— GOAL OF THE EXERCISE —
Each line of data below must be printed exactly as written, with any pictures removed.

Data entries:

========================

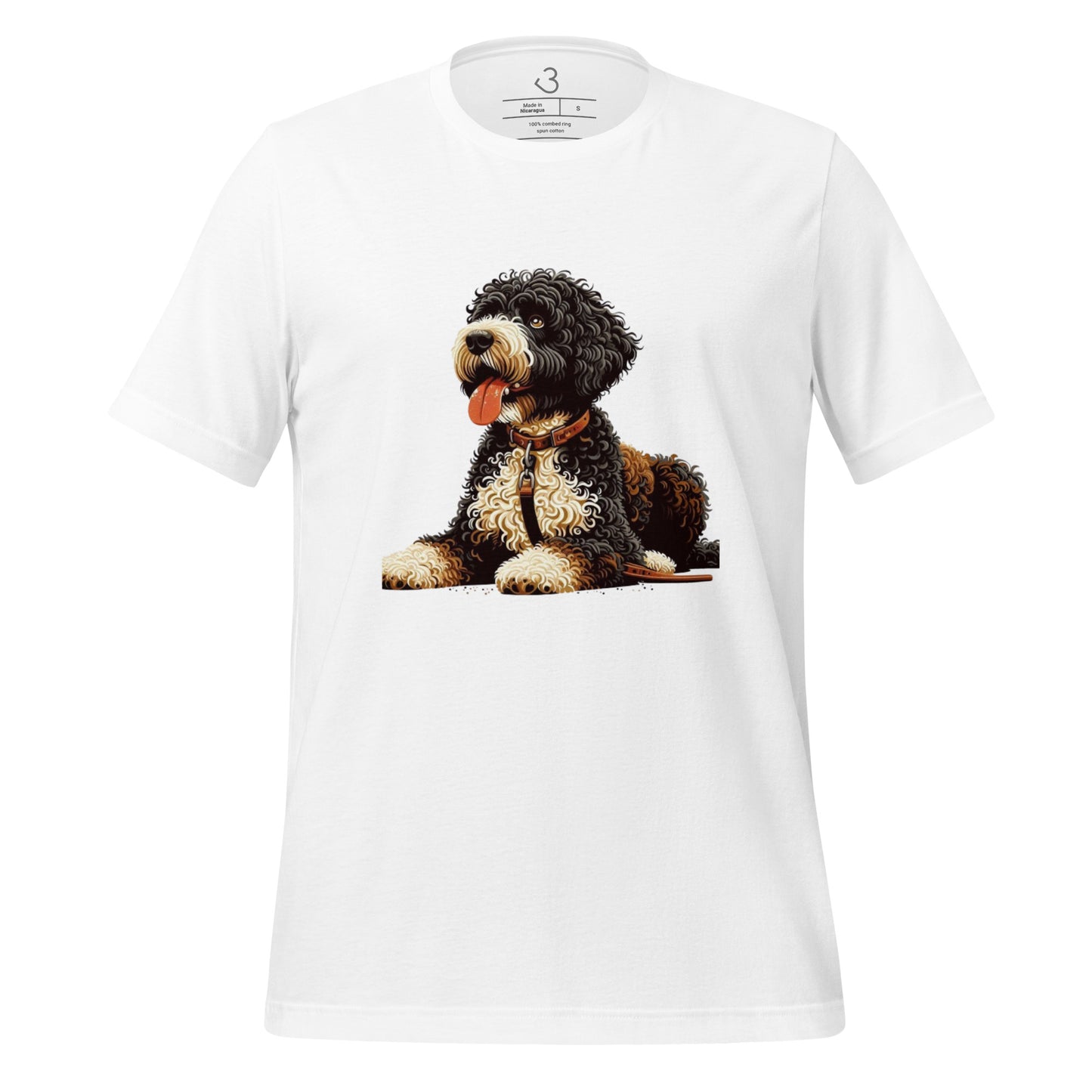 Camiseta water dog ojos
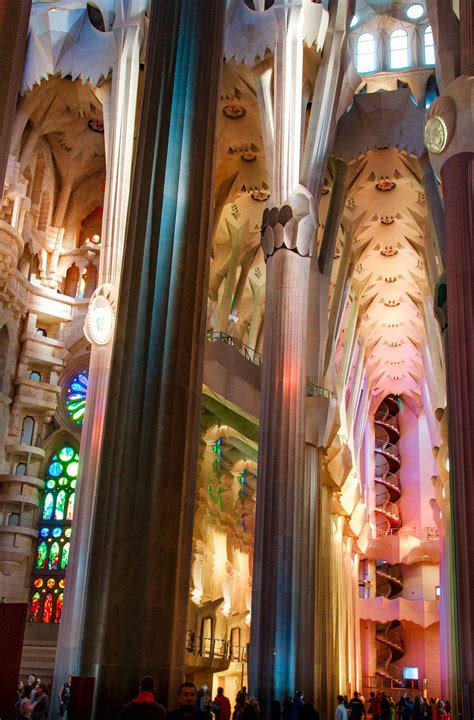 Inside La Sagrada Familia // A Visitor's Guide to Gaudi's Masterpiece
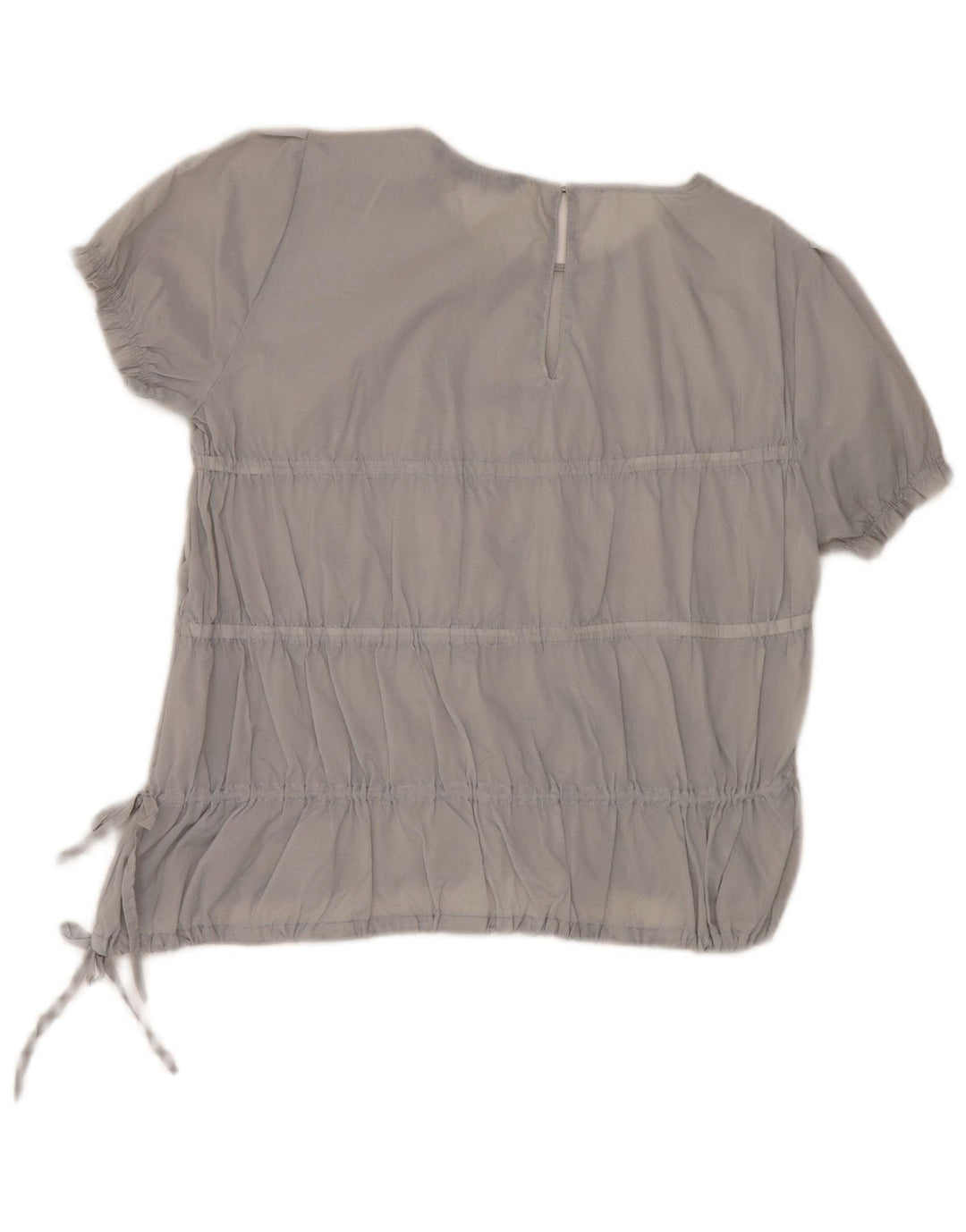 Zara Γυναικεία Μπλούζα Τοπ UK 14 Medium Grey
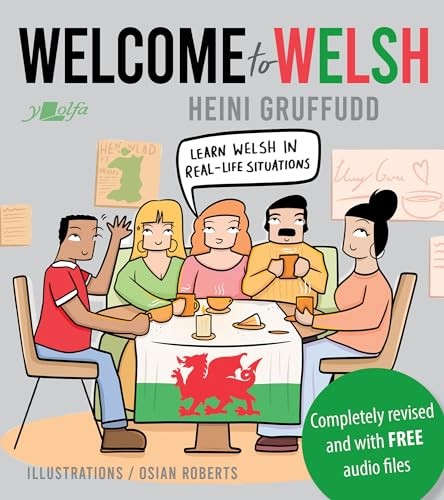 Heini Gruffudd - Welcome To Welsh - Paperback - H245Z-image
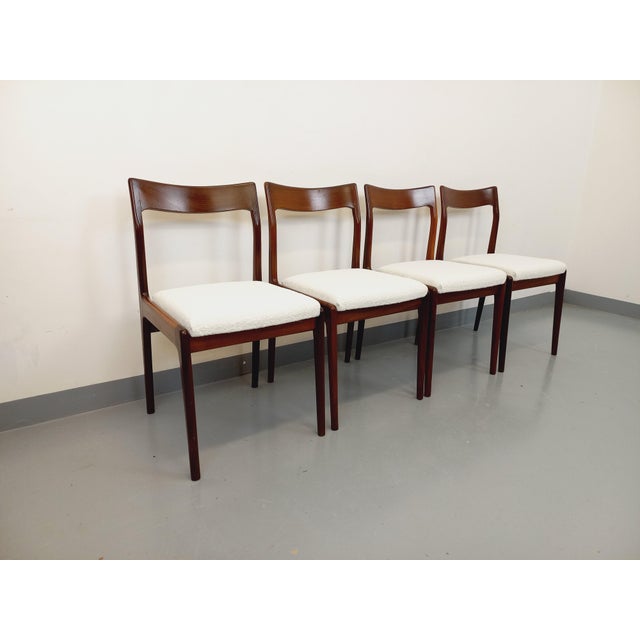 1960s Vintage Scandinavian Teak Chairs, 1960s, Set of 6 For Sale - Image 5 of 18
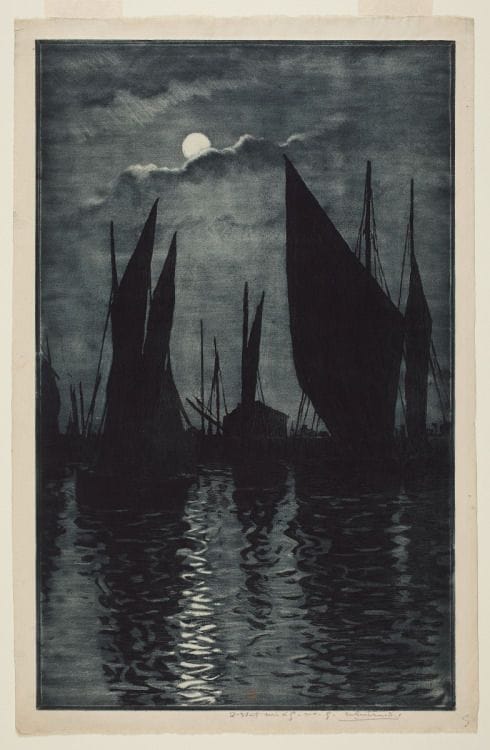 Artwork Title: Effet de Lune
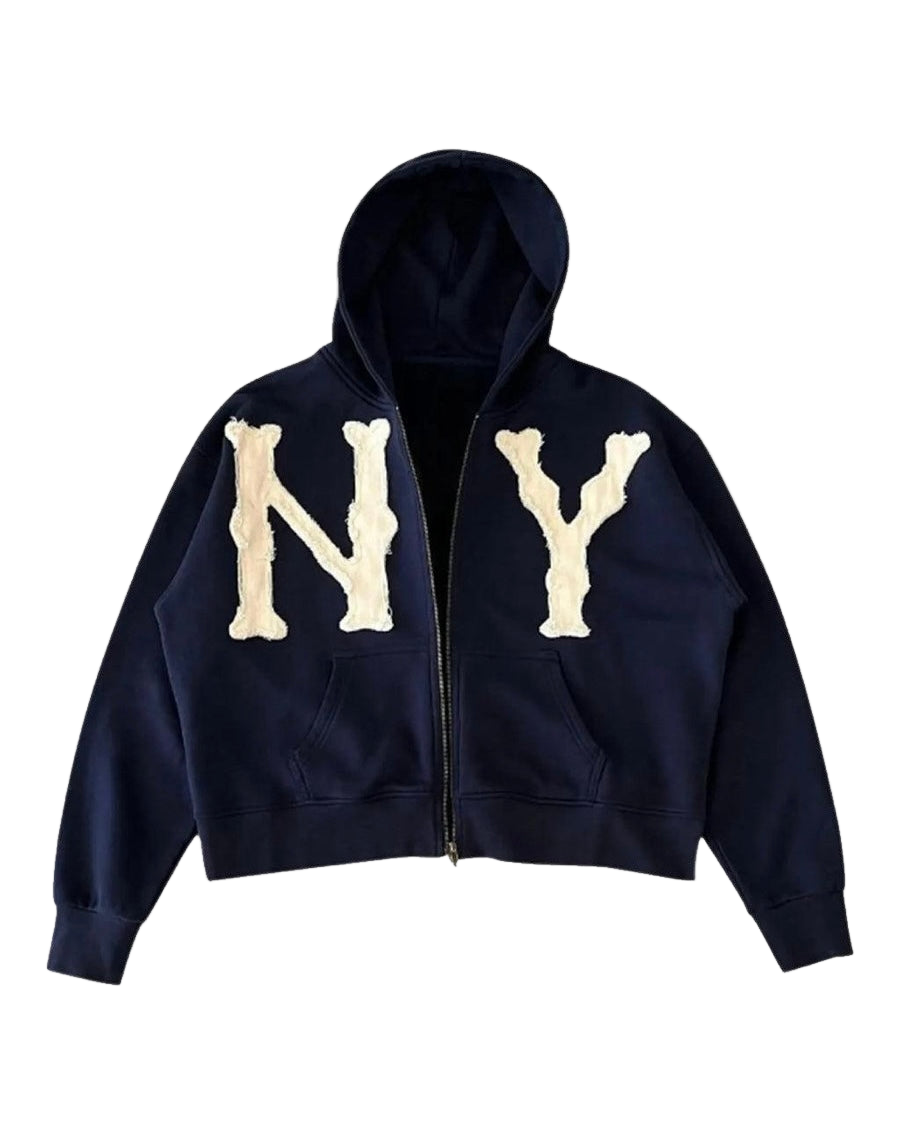 NY Zipup Hoodie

========================

— ANSWER BOX —
 Camiseta water dog ojos
 Inside La Sagrada Familia // A Visitor's Guide to Gaudi's Masterpiece
 Zara Γυναικεία Μπλούζα Τοπ UK 14 Medium Grey
 Heini Gruffudd - Welcome To Welsh - Paperback - H245Z-image
 1960s Vintage Scandinavian Teak Chairs, 1960s, Set of 6 For Sale - Image 5 of 18
 Artwork Title: Effet de Lune
 NY Zipup Hoodie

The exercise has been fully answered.